I don't know, this is like saying that because those bowls of mints at a restaurant are "free", I can back a trailer up to the door and start loading it up. Even if you know they'll never run out of mints.

▲mariusor 24 days ago

I feel like you need to present a very strong case where LLMs are "the public" before you take such a weak position when interpreting the entirety of the article.
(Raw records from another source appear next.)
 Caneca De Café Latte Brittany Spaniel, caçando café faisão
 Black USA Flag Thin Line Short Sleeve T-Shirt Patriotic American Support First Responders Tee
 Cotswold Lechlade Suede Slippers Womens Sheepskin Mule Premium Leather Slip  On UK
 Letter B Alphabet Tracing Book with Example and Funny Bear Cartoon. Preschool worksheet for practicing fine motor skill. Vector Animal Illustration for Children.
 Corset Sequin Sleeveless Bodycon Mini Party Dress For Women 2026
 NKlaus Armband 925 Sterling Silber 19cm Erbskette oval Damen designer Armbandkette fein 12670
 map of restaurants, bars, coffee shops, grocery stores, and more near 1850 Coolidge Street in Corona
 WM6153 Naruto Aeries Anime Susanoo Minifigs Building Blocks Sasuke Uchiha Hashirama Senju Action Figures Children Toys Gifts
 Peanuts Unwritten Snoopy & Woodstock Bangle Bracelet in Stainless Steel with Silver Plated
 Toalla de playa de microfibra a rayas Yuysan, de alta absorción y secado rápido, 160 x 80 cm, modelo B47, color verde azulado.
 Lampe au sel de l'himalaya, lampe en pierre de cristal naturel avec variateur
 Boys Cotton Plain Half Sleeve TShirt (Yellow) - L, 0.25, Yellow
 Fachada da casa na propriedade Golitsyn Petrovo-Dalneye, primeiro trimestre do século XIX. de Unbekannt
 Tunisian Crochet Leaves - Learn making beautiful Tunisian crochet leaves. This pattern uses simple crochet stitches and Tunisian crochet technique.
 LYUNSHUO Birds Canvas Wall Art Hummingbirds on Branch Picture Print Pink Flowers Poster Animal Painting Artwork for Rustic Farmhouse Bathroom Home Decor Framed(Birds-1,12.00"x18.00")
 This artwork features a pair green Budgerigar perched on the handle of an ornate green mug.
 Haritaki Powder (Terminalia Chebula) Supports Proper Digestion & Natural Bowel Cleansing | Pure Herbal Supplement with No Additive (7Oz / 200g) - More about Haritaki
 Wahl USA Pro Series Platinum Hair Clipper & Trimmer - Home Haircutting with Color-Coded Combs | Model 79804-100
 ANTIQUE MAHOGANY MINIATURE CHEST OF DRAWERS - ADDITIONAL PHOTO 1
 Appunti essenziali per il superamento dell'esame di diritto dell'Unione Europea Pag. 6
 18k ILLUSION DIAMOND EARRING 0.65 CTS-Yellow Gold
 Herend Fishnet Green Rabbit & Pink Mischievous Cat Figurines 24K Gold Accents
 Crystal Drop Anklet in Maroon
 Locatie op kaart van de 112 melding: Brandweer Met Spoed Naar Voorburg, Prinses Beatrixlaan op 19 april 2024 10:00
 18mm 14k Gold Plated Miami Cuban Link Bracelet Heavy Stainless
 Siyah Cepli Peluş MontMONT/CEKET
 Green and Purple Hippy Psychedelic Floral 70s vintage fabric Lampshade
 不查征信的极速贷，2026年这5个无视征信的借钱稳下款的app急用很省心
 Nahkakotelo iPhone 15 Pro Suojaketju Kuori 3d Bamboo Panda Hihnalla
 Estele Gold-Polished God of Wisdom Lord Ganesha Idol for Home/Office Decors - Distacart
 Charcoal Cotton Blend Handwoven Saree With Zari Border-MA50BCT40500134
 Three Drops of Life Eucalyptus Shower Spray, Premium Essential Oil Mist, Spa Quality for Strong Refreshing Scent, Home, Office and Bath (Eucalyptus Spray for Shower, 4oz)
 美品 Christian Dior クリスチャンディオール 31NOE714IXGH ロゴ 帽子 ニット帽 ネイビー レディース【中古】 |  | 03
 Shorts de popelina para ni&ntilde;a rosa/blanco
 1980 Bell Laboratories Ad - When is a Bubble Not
Drew makes it perfectly clear in TFA that "the public", as he sees it, is fully entitled and should make use of the data SourceHut provides.

▲sneak 23 days ago

LLMs are just tools, run by human beings who are naturally members of the public. There is no confusion or ambiguity here.

▲kweingar 23 days ago

So are DDoS scripts

▲nottorp 24 days ago

But one can argue that the LLM crawlers deny the rest of the public access to your data by consuming all available bandwidth.

▲sksxihve 23 days ago

If the AI scrapers respected the robots.txt file then this wouldn't be an issue. A company is allowed to set the terms of service for their service and take action if other companies are abusing that.

▲LtWorf 24 days ago

Opening a bakery and feeding the entire world aren't the same.

▲SoftTalker 24 days ago

Then put your content behind a paywall. Bakeries typically aren't free.